While research is more forgiving for adult users, thus far sample sizes in adolescent research have been relatively small. Understanding the actual risks of early usage will require more funding and better long-term studies, both of which appear on the horizon thanks to the loosening of state (and potentially federal) restrictions.
Still, Fairman and colleagues suggest stronger public interventions might be called for. He notes that the communities most affected by this trend are also those least likely to have access to treatment facilities. This is a worrisome trend worth exploring. As he says of this study:
To the degree these trends continue and greater numbers of youth start with marijuana as their first drug, there may be an increasing need for public interventions and treatment services for marijuana-related problems.
Using marijuana first also does not mean individuals won’t also smoke cigarettes. The data show the opposite: there is no statistical difference between those who began with marijuana or tobacco in determining which individuals become nicotine-dependent. According to this study, 90 percent of lifetime marijuana users report smoking cigarettes at some point in their lives.
Youth who start with marijuana may also have an easier and quicker time transitioning to smoking tobacco compared to other substances. Both drugs share a similar, and thus familiar, route of administration and the two drugs can be easily mixed together within a single preparation (e.g., blunts, spliffs).

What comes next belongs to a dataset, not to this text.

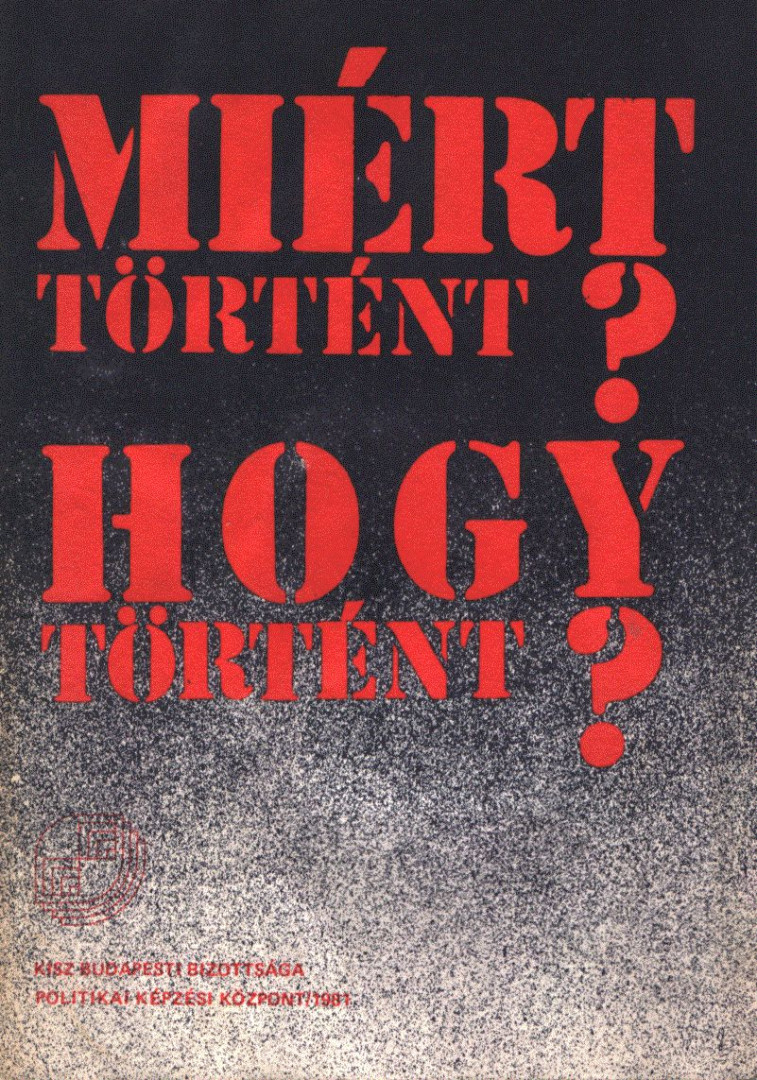 Miért történt? Hogy történt? [antikvár]
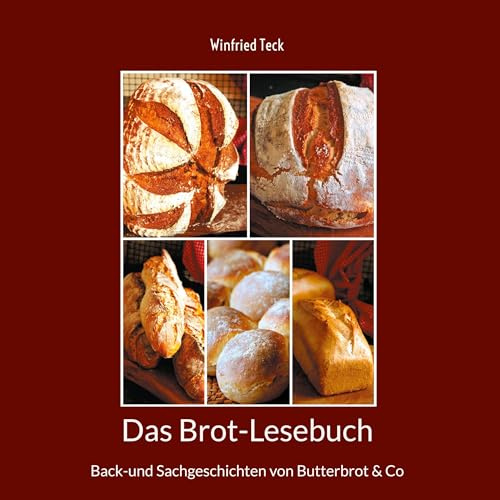 Das Brot-Lesebuch: Back-und Sachgeschichten von Butterbrot & Co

Perhaps the cultural intervention should include, as this study suggests, honest educational efforts. We generally take a hands-off approach to counseling youth, beyond ambiguous and misleading sentiments like “drugs are bad!” This is akin to our views on sex education, employing avoidance and platitudes rather than confronting evidence. Other nations have a much better approach. In fact, we should mine sex education in the Netherlands for ideas.
Beginning at four years old, children begin learning about not birds and bees, but penises and vaginas. Sex education is mandatory in primary school. The role of sex and relationships is not taboo; it is openly discussed during class. Gender differences are not hidden; they’re open for dialogue. Sexual abuse is considered at an early age while the young are educated on contraceptives. This has resulted not in an increase of teen pregnancy and STDs but one of the lowest rates in the world.
A mandated educational program in public schools that honestly investigates a variety of substances—marijuana, alcohol, cigarettes, opioids, sugar—would remove stigmas from the drugs we consume. Of course, the biggest hurdle to such a bold move is the adults legislating what is taught in our school systems. If we can clear this hurdle, we’d be doing future generations a great service. Otherwise, we’ll only create more distrust, addiction, and confusion, and we already know what the consequences of that entails.